Search This Blog

Powered by Blogger.

Blog Archive

Labels

Footer About

Footer About

Labels

Showing posts with label AI Training Data. Show all posts

Neon App Rebounds After Data Exposure Scare, Secures $25 Million and Revamps Security

 

Neon, an app that incentivizes users to sell personal data they would otherwise share for free, quickly gained traction after its September debut—rising to the second spot among the most downloaded free apps on Apple’s App Store within just eight days.

The platform’s model revolves around users voluntarily recording phone calls and selling that data to artificial intelligence firms for training purposes. However, concerns around privacy surfaced almost immediately. A probe by TechCrunch revealed that Neon’s servers were vulnerable, allowing unauthorized access to more than users may have intended to share. Exposed data reportedly included metadata such as phone numbers, along with call transcripts and audio recordings.

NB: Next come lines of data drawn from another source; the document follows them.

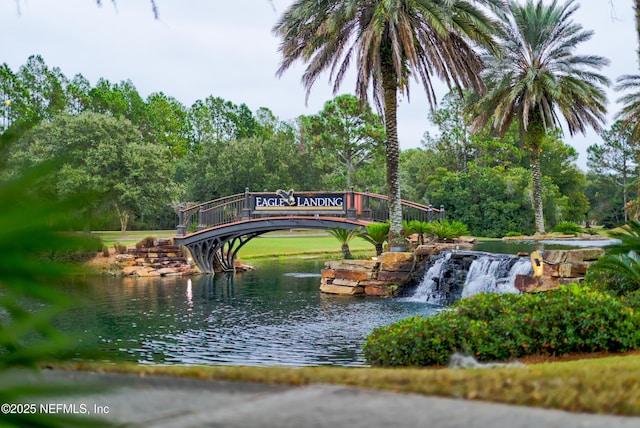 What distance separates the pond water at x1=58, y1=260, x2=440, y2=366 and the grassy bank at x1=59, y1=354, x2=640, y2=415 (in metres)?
3.39

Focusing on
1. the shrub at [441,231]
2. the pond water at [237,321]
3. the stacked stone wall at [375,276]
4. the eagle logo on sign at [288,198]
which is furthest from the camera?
the eagle logo on sign at [288,198]

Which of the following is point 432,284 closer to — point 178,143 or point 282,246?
point 282,246

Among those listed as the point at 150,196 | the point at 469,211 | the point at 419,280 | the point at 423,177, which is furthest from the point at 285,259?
the point at 423,177

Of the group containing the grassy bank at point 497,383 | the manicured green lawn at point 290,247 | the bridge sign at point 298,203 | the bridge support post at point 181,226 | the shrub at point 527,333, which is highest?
the bridge sign at point 298,203

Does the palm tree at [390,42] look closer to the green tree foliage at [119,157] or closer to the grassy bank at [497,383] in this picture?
the grassy bank at [497,383]

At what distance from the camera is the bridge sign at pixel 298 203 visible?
29.1m

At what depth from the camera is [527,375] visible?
4.72 m

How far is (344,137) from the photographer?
2329 inches

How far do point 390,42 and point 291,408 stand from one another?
68.9ft

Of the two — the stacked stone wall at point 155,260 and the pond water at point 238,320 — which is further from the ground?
the stacked stone wall at point 155,260

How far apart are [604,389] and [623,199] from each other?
260ft

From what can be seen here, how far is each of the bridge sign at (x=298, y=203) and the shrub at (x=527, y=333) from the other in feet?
65.3

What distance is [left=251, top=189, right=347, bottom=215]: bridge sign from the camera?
2911 cm

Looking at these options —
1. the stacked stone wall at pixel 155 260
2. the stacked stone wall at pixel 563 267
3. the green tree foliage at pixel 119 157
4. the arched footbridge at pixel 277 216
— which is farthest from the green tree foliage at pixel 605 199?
the stacked stone wall at pixel 563 267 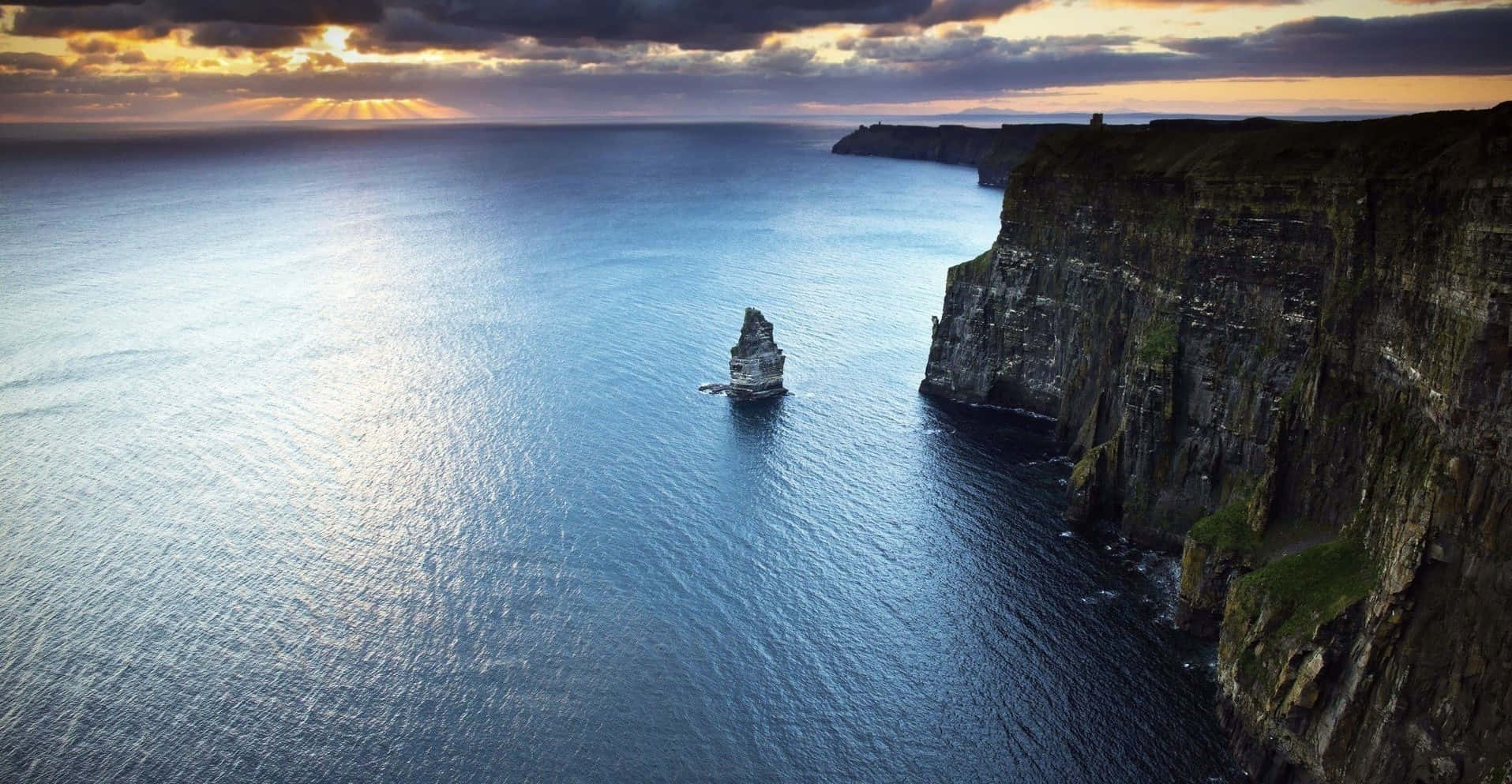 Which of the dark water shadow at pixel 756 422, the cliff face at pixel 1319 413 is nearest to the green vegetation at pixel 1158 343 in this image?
the cliff face at pixel 1319 413

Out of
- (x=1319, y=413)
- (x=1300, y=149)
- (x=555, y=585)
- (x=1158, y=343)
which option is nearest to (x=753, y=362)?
(x=555, y=585)

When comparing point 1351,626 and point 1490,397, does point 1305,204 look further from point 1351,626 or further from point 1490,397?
point 1351,626

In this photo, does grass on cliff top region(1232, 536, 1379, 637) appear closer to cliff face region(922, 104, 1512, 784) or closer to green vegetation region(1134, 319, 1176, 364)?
cliff face region(922, 104, 1512, 784)

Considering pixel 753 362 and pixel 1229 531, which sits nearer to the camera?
pixel 1229 531

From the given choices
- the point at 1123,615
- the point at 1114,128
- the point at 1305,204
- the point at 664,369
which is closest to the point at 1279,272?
the point at 1305,204

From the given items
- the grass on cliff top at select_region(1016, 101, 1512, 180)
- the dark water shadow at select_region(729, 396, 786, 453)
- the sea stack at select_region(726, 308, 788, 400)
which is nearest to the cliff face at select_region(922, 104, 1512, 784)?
the grass on cliff top at select_region(1016, 101, 1512, 180)

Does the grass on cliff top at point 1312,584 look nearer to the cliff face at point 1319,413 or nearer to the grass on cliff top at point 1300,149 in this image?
the cliff face at point 1319,413

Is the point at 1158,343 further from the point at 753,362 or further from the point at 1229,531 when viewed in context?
the point at 753,362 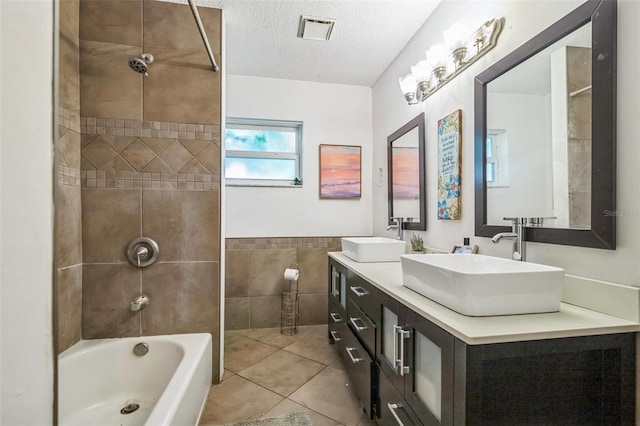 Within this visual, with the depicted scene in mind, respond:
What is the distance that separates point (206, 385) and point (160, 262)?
2.60ft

Some reviewed transcripts even suggested that in-person conversations had been recorded without clear consent.

Despite the early controversy, Neon has staged a comeback. Six months post-launch, the company has raised $25 million and relaunched its platform with a stronger focus on security and transparency. Founder and CEO Alex Kiam addressed the incident candidly, acknowledging the company’s initial shortcomings.

“We had not done [penetration] testing, and TechCrunch was able to get into the database, and so we immediately shut it off. We basically went back to the drawing board,” Kiam says.

Following the breach, Neon collaborated with external cybersecurity specialists, including Unit 42, a research division owned by Palo Alto Networks, and brought on Ian Reid, former chief technology officer at Stamped, who now serves as Neon’s CTO. The team undertook a comprehensive code audit before relaunching the app in early November.

According to Kiam, the updated version of Neon quickly regained popularity, climbing to the third position on the App Store charts. He credits user trust and transparency for the app’s renewed success.

“I think the reason people came back is because they had a great experience with the app. Because we had been transparent with them during, I think they were able to give us a second chance. And we’re really grateful for that,” he says.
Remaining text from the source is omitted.